Work instructions: Output each entry verbatim. Leave the images out.

Image-text web data:
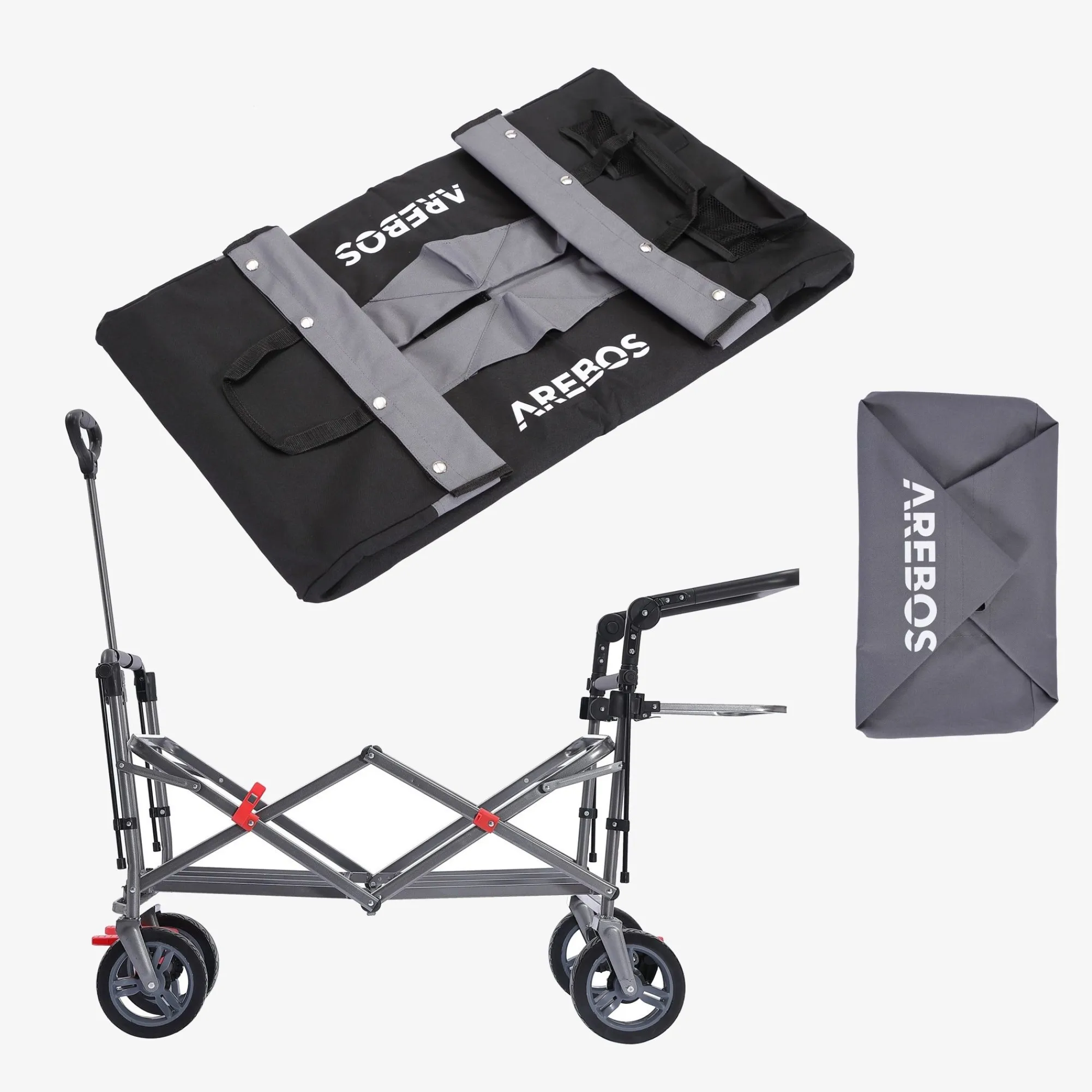 Arebos Bollerwagen mit Dach Premium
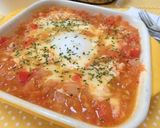 レンジで簡単☆　チーズ入りシャクシュカ作り方4写真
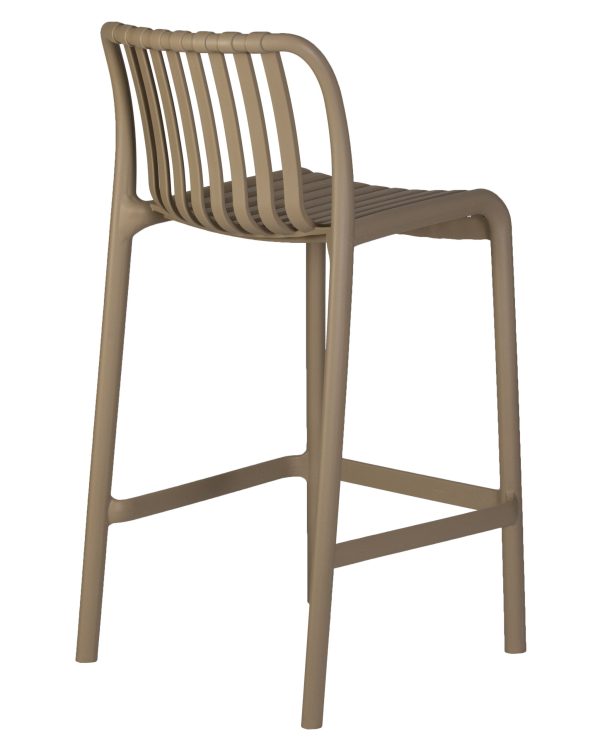 Стул полубарный DOBRIN CHLOE, бежевый — изображение 4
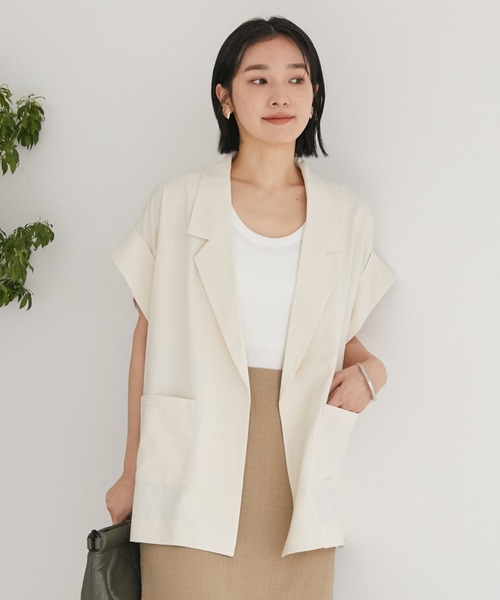 Doux archives（ドゥアルシーヴ）の「フレンチスリーブテーラージャケット（テーラードジャケット・レディース・ブラウン/ブラック/アイボリー・FREE）」の12枚目の写真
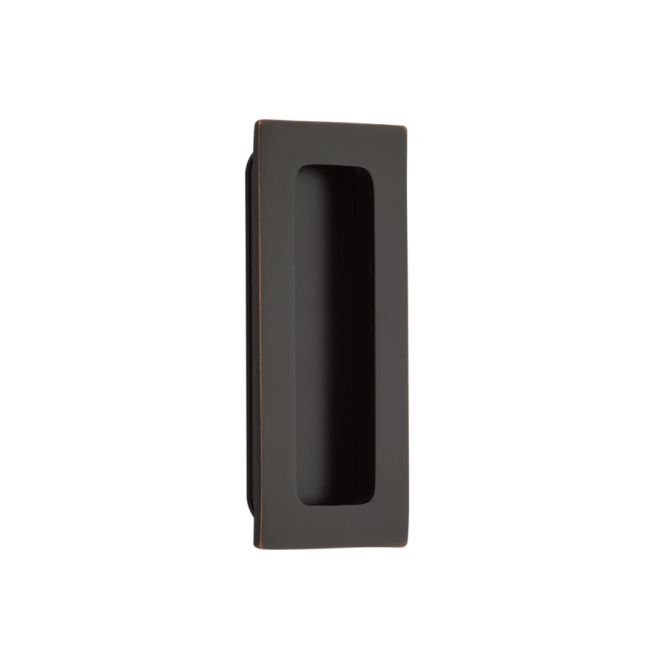 4 in. Modern Rectangular Flush Pull, Oil Rubbed Bronze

Exercise output:
 Arebos Bollerwagen mit Dach Premium
 レンジで簡単☆　チーズ入りシャクシュカ作り方4写真
 Стул полубарный DOBRIN CHLOE, бежевый — изображение 4
 Doux archives（ドゥアルシーヴ）の「フレンチスリーブテーラージャケット（テーラードジャケット・レディース・ブラウン/ブラック/アイボリー・FREE）」の12枚目の写真
 4 in. Modern Rectangular Flush Pull, Oil Rubbed Bronze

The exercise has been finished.